La ricorrente Agenzia delle Entrate, dopo aver ricordato che “l’azienda costituisce un complesso di beni, materiali e immateriali, unitariamente organizzati e finalizzati al perseguimento dell’attività produttiva dell’impresa”, deduceva come la CTR fossa incorsa in errore “confondendo con l’azienda un complesso di singoli beni privi del requisito della reciproca coordinazione in un unico contesto organizzato e non idonei allo svolgimento di una qualsivoglia attività produttiva”.
E ciò, osservava ancora l’Agenzia delle Entrate, anche a “prescindere dalla circostanza che nel caso di specie non erano ravvisabili i principali elementi rivelatori di una cessione d’azienda (quali il pagamento di un prezzo per il valore di avviamento), né erano da registrarsi i principali effetti connessi ad un simile contratto (quali il trasferimento della clientela e dei debiti e dei crediti inerenti all’impresa esercitata attraverso l’azienda ceduta)”.

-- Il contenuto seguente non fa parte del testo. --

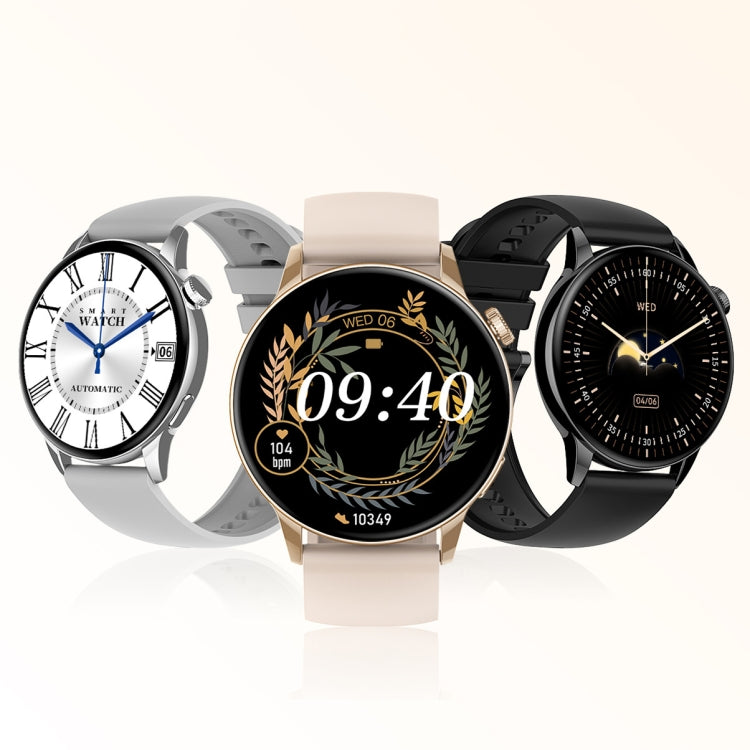 HD1 1.3 Inch AMOLED Screen Smart Watch with NFC Function(Gold Steel+Silicone Strap) - Smart Wear by buy2fix | Online Shopping UK | buy2fix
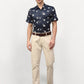 Jainish Navy Blue Men's Printed Lycra Half Sleevess Formal Shirts ( SF 778Navy ) | Swadesiicart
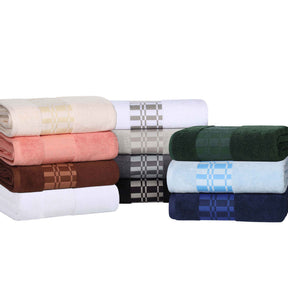 Larissa Cotton Geometric Border Bath Towel Set of 4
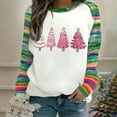 thumbnail image 1 of Mifsaly Funny Christmas Shirts Xmas Trees Printed Raglan Long Sleeve Sweatshirt Loose Fit Patchwork Tops Pullover Festival Party 2025 Holiday Costume, 1 of 5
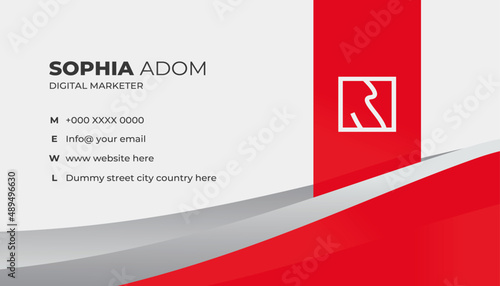 Creative 3d Style Red And Silver Business Card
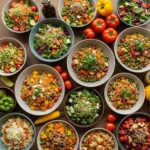 Colorful vegetarian main dishes showcasing healthy ingredients and vibrant colors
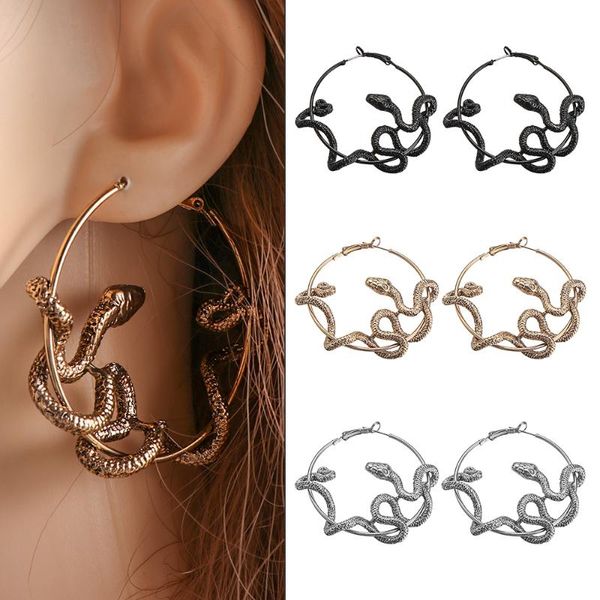 

hoop & huggie gothic jewelry serpent earrings cool punk antique black/gold snake circle women fashion party jewery accessories, Golden;silver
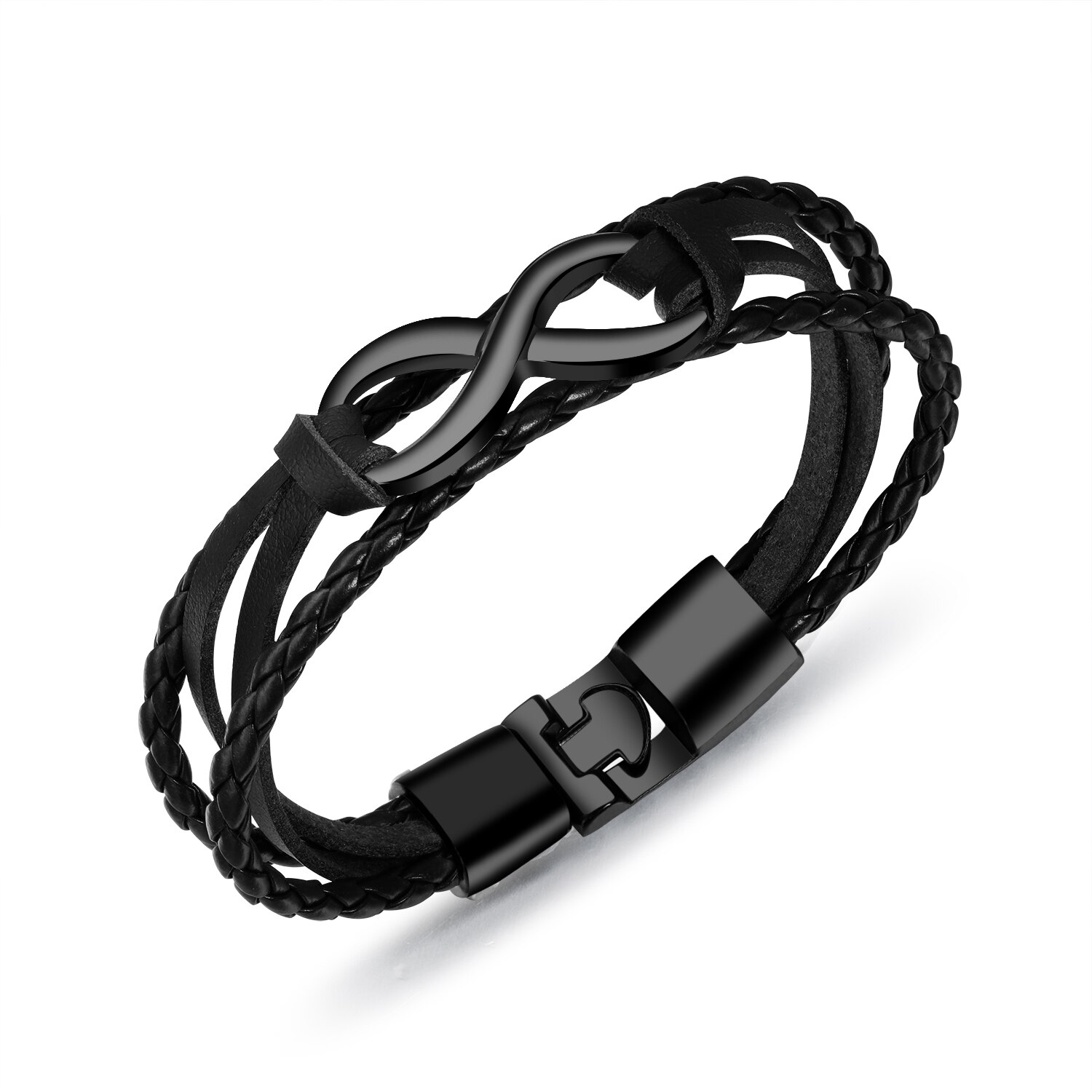 MAE à la en alliage de Zinc 8 forme Bracelet infini multicouche tressé en cuir corde hommes chaîne Bracelet bijoux de décor masculin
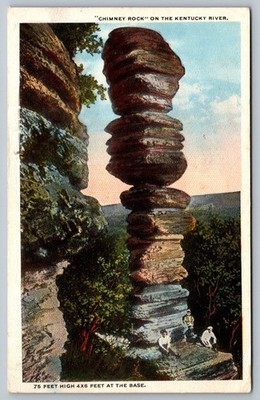 Vintage Chimney Rock Kentucky River Scenic Postcard 75ft Landmark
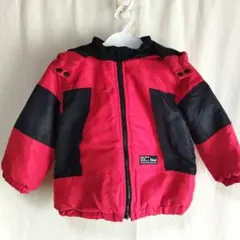 95サイズ フード付きアウター 赤&黒 (フード取り外し出来ます)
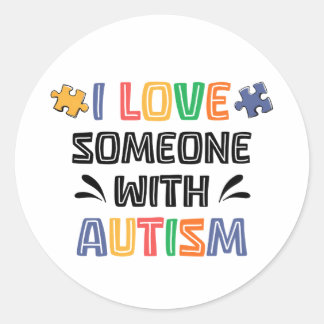 Adesivo Redondo Eu Amo Alguém com Autismo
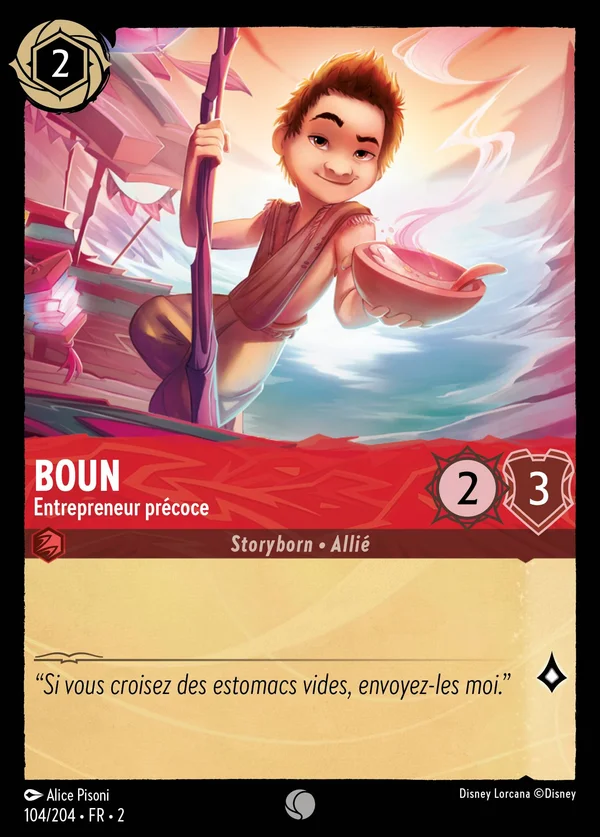 Boun - Entrepreneur précoce — Disney Lorcana Personnage card from Rise of the Floodborn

L’illustrazione del motivo, terminava col quesito: “se incorra nella violazione delle norme che definiscono la nozione di azienda, nonché di quelle che disciplinano il trattamento fiscale di una pluralità di beni non organizzati in azienda, la sentenza impugnata, che ha ritenuto assoggettato ad imposta di registro, anziché ad IVA, la cessione di alcuni beni (in prevalenza, alcuni marchi ed etichette, ed in misura assai marginale quattro macchinari di esiguo valore) che non risultano organizzati in complesso unitario e che sono inadeguati a soddisfare le finalità produttive proprie dell’impresa”.
Il motivo è fondato.
La tradizionale l’interpretazione dell’art.2555 cc è nel senso che possa rientrare nella fattispecie della cessione di azienda anche una sola parte dei beni ceduti che, pur non comprendendo tutti quelli che appartenevano all’azienda oggetto di cessione, abbia tuttavia mantenuto un’organizzazione autonoma idonea a consentire di esercitare un’attività d’impresa, seppur con inevitabili integrazioni che il cessionario abbia dovuto porre in essere (Cass. n.21481 del 2009; Cass. n.27286 del 2005).
Una conforme giurisprudenza, in tema di interpretazione del D.P.R. n.633 del 1972, art.2, si rinviene con riferimento alla distinzione tra assoggettabilità a imposta di registro della cessione d’azienda e assoggettabilità a IVA della cessione di singoli beni (Cass. n.24913 del 2008; Cass. n.23857 del 2007).
La CTR, invece, nella sostanza, ha ritenuto che, a integrare la fattispecie della cessione dell’azienda, bastasse la semplice “volontà delle parti contraenti“, tra l’altro esclusivamente ricavata dal nomen iuris convenuto inter partes.
La CTR, correttamente interpretando l’art.2555 cc, invece, avrebbe dovuto dire, sulla scorta degli elementi di prova in atti, se la cessione della parte di beni sub iudice aveva o no carattere autonomo idoneo a dar luogo all’esercizio di impresa, facendo da qui discendere dapprima la qualificazione contrattuale, la cui disponibilità, serve evidenziare, non appartiene alla voluntas delle parti, particolarmente in ambito fiscale, e in secondo luogo il conseguente trattamento tributario.
2. Col PRIMO motivo, la sentenza è stata censurata ex art.360 cpc, comma 1, n.5, per insufficiente e illogica motivazione circa punti decisivi della controversia. E, nella sostanza, per non aver adeguatamente e logicamente spiegato per quale ragione i beni ceduti fossero da considerarsi come facenti parte di una unitaria organizzazione aziendale nonostante i numerosi contrari indici, come per es. il fatto che i macchinari ceduti fossero di modesta entità e valore e si trattasse in realtà di sola compravendita di marchi e particolarmente di quello fondamentale denominato “Vino Castellino” ecc..
Il motivo è assorbito dall’accoglimento del primo.
3. La decisione va quindi cassata e rinviata, essendo necessario l’accertamento di fatti.
PQM
La Corte accoglie il ricorso, cassa l’impugnata sentenza e rinvia ad altra Sezione della Commissione Regionale della Campania che, nel decidere, dovrà uniformarsi agli esposti principi e altresì regolare le spese di ogni fase e grado.
Così deciso in Roma, nella Camera di Consiglio, il 28 novembre 2012.